Class War Foundation, the 50-strong group behind the newspaper, which went on sale for the last time this month has split.

It should also mean no more of the Committee of Public Safety, Class War's sticker campaign, which distributed stickers with messages like "Use your cross wisely: crucify a politician."

The 15-year-old anarchist group gained notoriety thanks largely to the tabloid press, which liked to strike fear into the hearts of Middle England by claiming Class War was travelling the country organising riots.

The group's newspaper lived up to this image by filling its pages with pictures of bleeding policemen and running a "Buy this man a drink" feature for those caught on film employing "direct action" on riot police.

But the group still managed to satirise its own image by parading on demos behind a huge banner reading "Class War - rent a mob on tour".

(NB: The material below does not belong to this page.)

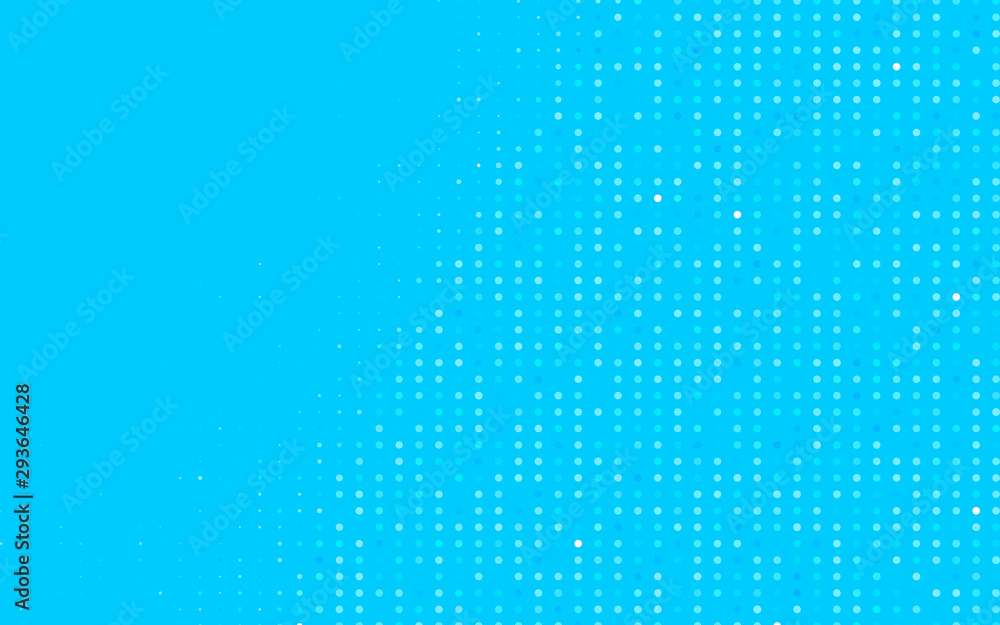 Light BLUE vector template with circles. Blurred bubbles on abstract background with colorful gradient. Template for your brand book. Light BLUE vector template with circles. Blurred bubbles on abstract background with colorful gradient. Template for your brand book.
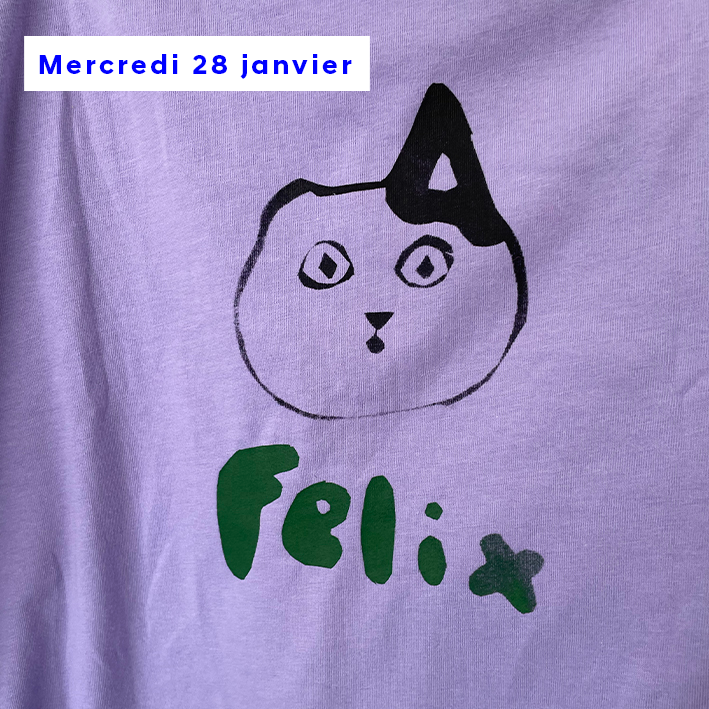 Impression sur T-shirt • à partir de 9 ans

Other enemies of Class War included yuppies, the Royal family, the Labour Party and most of the rest of the revolutionary left.

Some of its slogans were fairly ordinary in anarchist terms: "All our lives will be better when all the rich are dead", for example.

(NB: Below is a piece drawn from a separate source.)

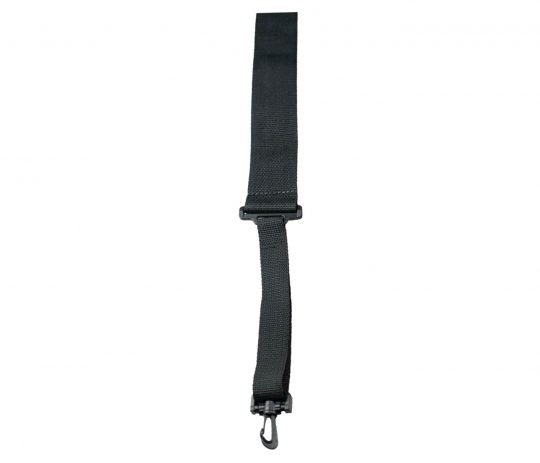 Perri's Leathers 2” Wide Black Poly Pro Banjo Strap with Plastic Swivel Hook NWSBJ Brown Perri's Instrument Accessories for sale canada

But often the newspaper deliberately tried to provoke. In one issue it published a poem including the lines: "God bless you queen mum/The Sun thinks you're just great/but what we all are waiting for/Is to see you in a crate."

Much of its bile was directed at middle class people who "think the world can be changed by holding hands and singing `We shall overcome'."

It also targeted its biggest rival for newspaper sales, Socialist Worker, giving it a less charming sobriquet by altering the first and second letters of the word "worker". Class War wanted to see a working-class revolution led by the working class, not what it saw as middle-class students and lecturers.

Unlike Socialist Worker, which is sold at strikes, rallies and railways stations, Class War secured distribution in newsagents in what it deemed "working-class communities" and so claimed sales at its height of 15,000 copies an issue. Even now the group claims sales of 4,000 copies.

Glory days for Class War came with the Stop the City demonstrations in the Eighties, when assorted anarchists and protesters smashed up parts of London's financial centre. It also claimed much notoriety in the aftermath of the poll tax riot in Trafalgar Square.

In reality the organisation was tiny and was never considered much of a threat to the state. "It was always the case that they made more noise than action," says one police source.

But this didn't stop right-wing newspapers getting into a lather of disgust about its pamphlets explaining how to conduct a riot.

The group has not folded because Tony Blair's government is likely to fulfil their revolutionary demands.

Instead, the last issue, which is billed as "an open letter to the revolutionary movement", admits that Class War, and indeed the rest of the far left, has run out of steam: "We are marginal, fragmented and declining in influence.

"In short, what passes for a revolutionary movement in this country is pitiful ... if our ideas are so brilliant, why do we collectively amount to so little and have so little influence?"